La signature elle-même est lourde de sens : « Conseil Suprême de la Sécurité Nationale d’Iran, Téhéran, 19 mars 1404 – 10 jours après le martyre de Sa Sainteté le Grand Ayatollah Seyyed Ali Khamenei. » L’Iran rappelle ainsi au monde sa longue histoire et sa capacité de résilience face aux envahisseurs.
Trump avait anticipé une riposte

Cette menace iranienne ne semble pas prendre Donald Trump au dépourvu. S’exprimant depuis le Bureau Ovale en février 2025, il avait déjà évoqué l’éventualité d’être pris pour cible par l’Iran ou ses alliés. Sa réponse se voulait alors dissuasive.
Il avait déclaré que si un tel assassinat se produisait, « ils seraient anéantis ». Il a ensuite précisé sa pensée : « Ce serait la fin. J’ai laissé des instructions. S’ils le font, ils seraient anéantis. Il ne resterait plus rien. » Par le passé, Trump avait également menacé de frapper l’Iran « vingt fois plus fort » si le pays tentait de perturber les approvisionnements en pétrole dans le détroit d’Ormuz.
Le détroit d’Ormuz, un enjeu économique mondial

Le détroit d’Ormuz est bien plus qu’un simple point sur la carte. Il s’agit d’un passage maritime étroit situé entre le golfe Persique et le golfe d’Oman, bordé par l’Iran au nord et la péninsule des Émirats Arabes Unis au sud. C’est une artère commerciale vitale pour des pays comme le Koweït, le Bahreïn, le Qatar, l’Arabie saoudite et l’Irak.
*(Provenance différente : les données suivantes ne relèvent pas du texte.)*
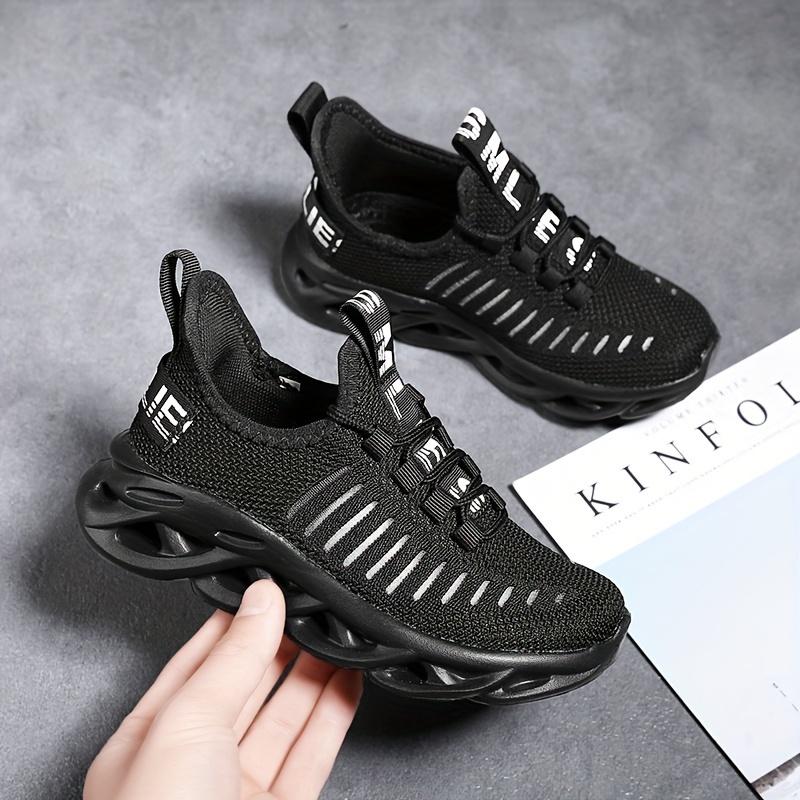 

Детская спортивная обувь Модные кроссовки для детей Мальчики Девочки Мальчики Школьные кроссовки 28 красный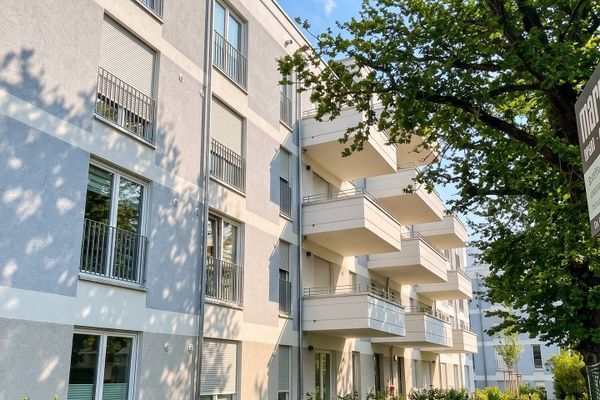 2-Zimmer-Oase mit BALKON, EBK und viel Komfort im Stadtquartier TELTRIO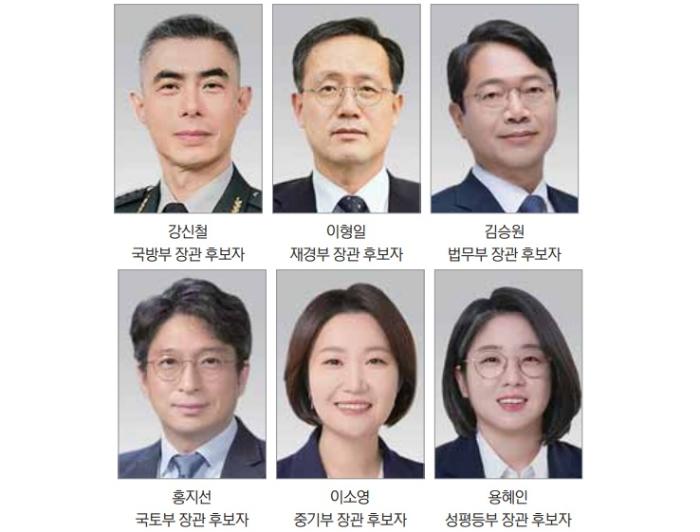 신임 국방부 <b>장관</b> 강신철 <b>지명</b>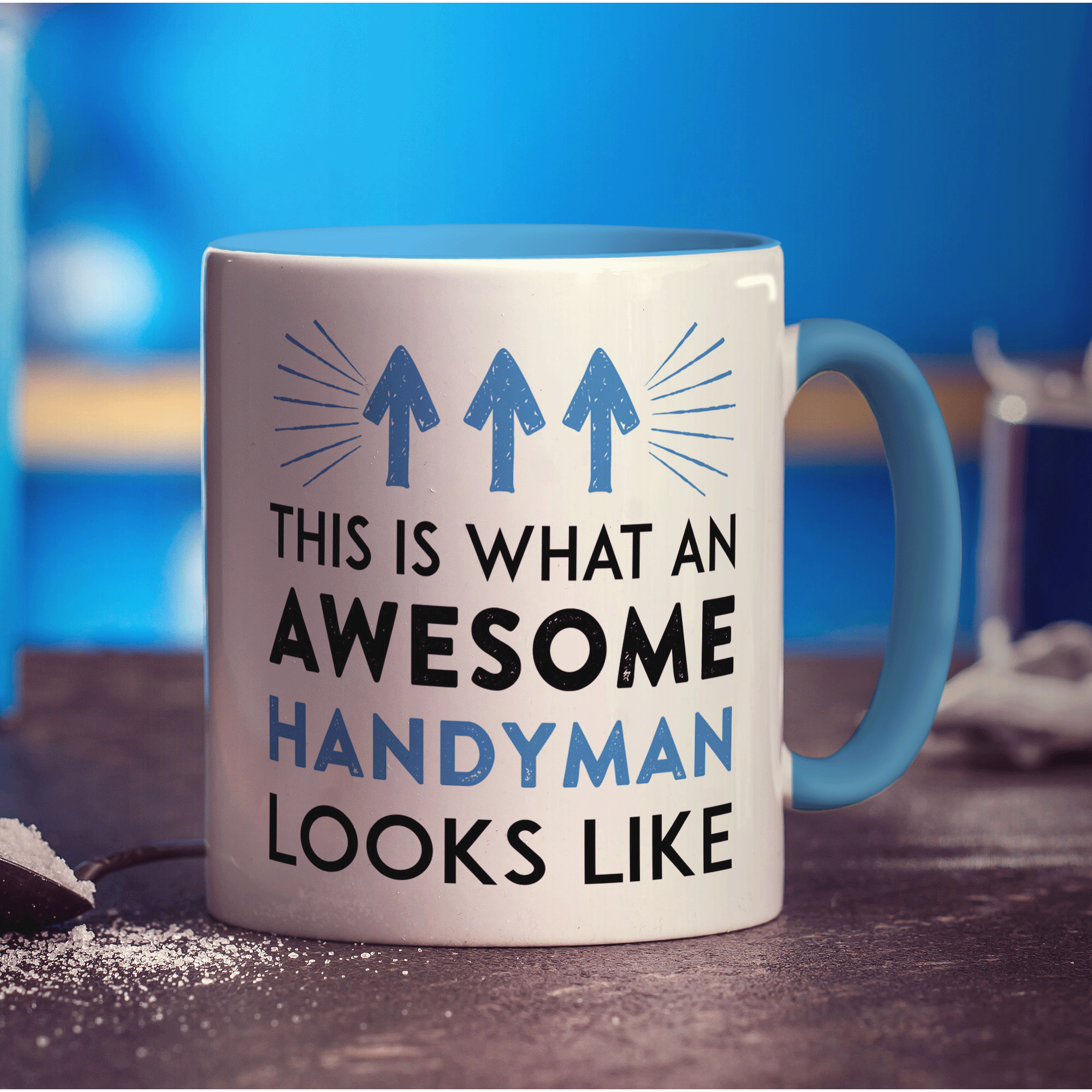 This Is What An Awesome Handyman Looks Like Mug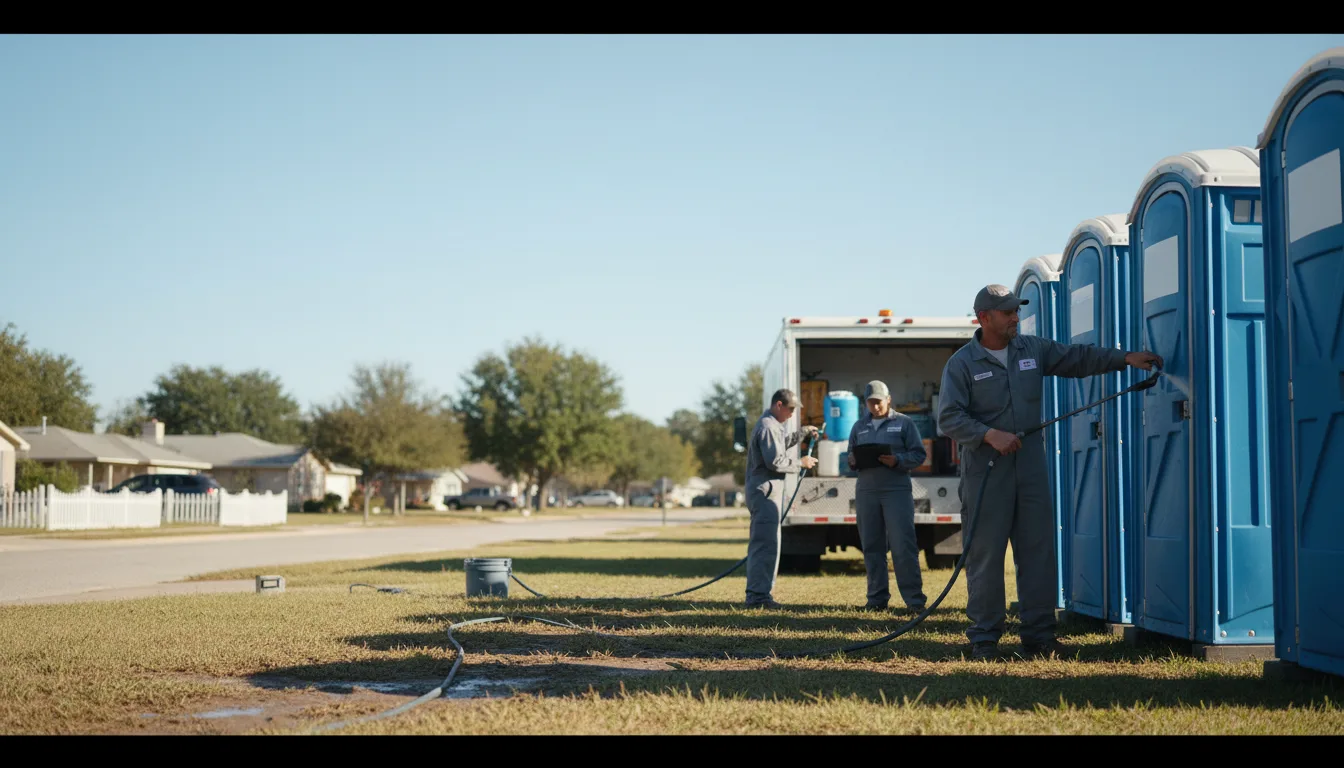 Long-Term Portable Toilet Rental in Carney, OK near me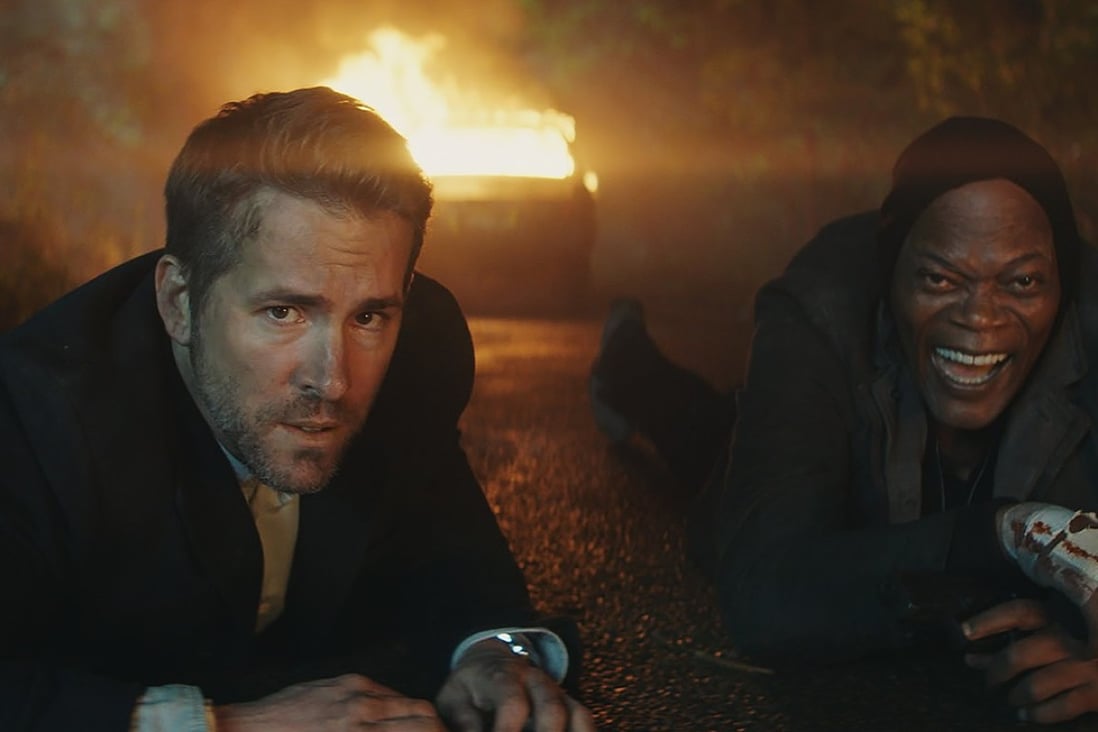 Ryan Reynolds (left) and Samuel L. Jackson co-star in The Hitman’s Bodyguard (category IIB), directed by Patrick Hughes.
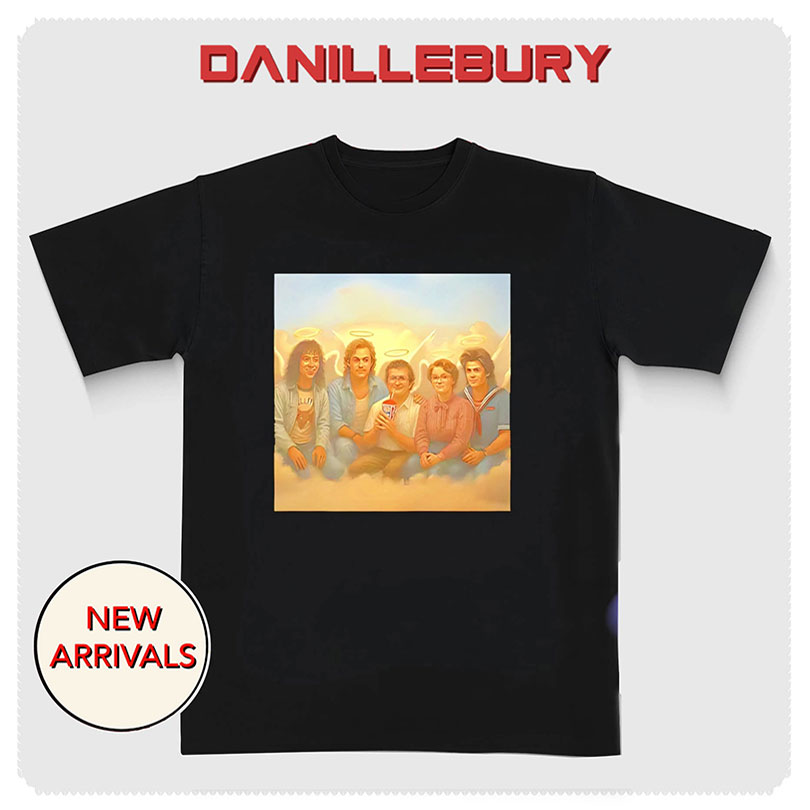 Stranger things heaven tribute fanart angel shirt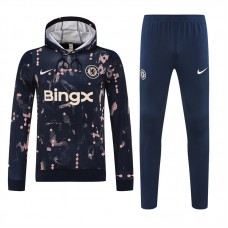 Chelsea FC Adult Academy Pro Se Training Hooded Sweat Soccer Tracksuit 2025-26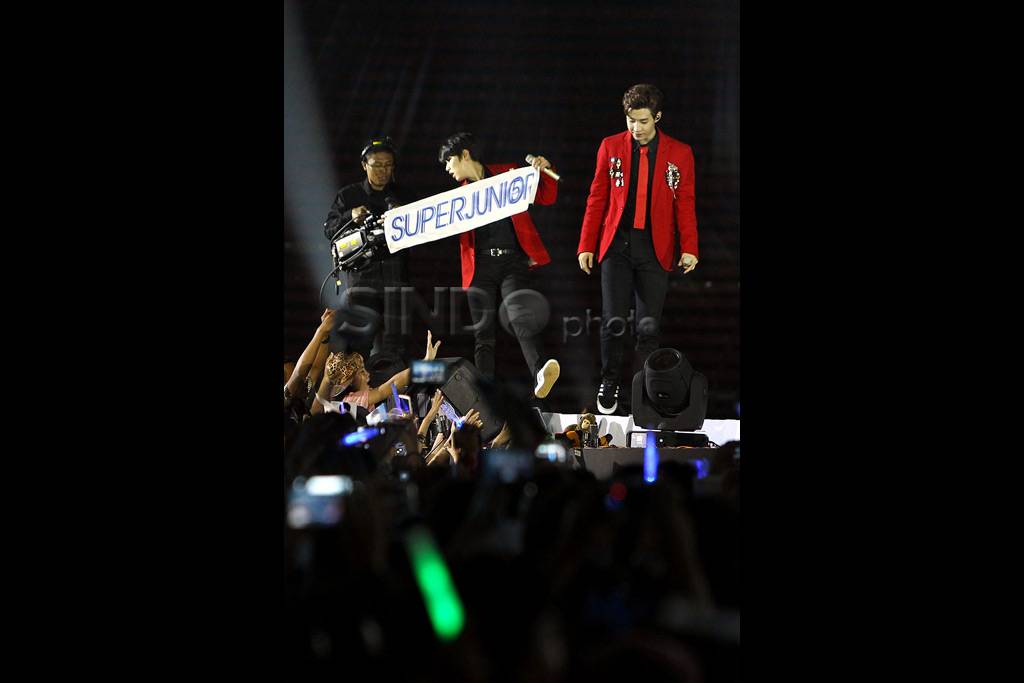 Suju M Meriahkan Konser...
Il leur permet d’exporter leurs marchandises soit vers l’ouest via le canal de Suez, soit vers l’est en direction du Pakistan et de l’Inde.
Son importance est cruciale : environ 20 % de la production mondiale de pétrole transite par ce détroit. La guerre a déjà provoqué une flambée des prix, qui ont grimpé jusqu’à 119 dollars le baril. Le trafic, qui atteint normalement une centaine de navires par jour, s’est effondré.
Selon le journal The Guardian, seuls quelques rares navires non liés à l’Iran ou à la Russie osent encore s’y aventurer. L’un d’eux a coupé son transpondeur jusqu’à être bien engagé sur sa route vers Mumbai, tandis qu’un autre a signalé être la propriété et l’équipage de Chinois. Cette chute du trafic persiste malgré les tentatives de Donald Trump de rassurer les armateurs, notamment via un plan de réassurance de 20 milliards de dollars et en exhortant les équipages des pétroliers à « montrer un peu de cran ».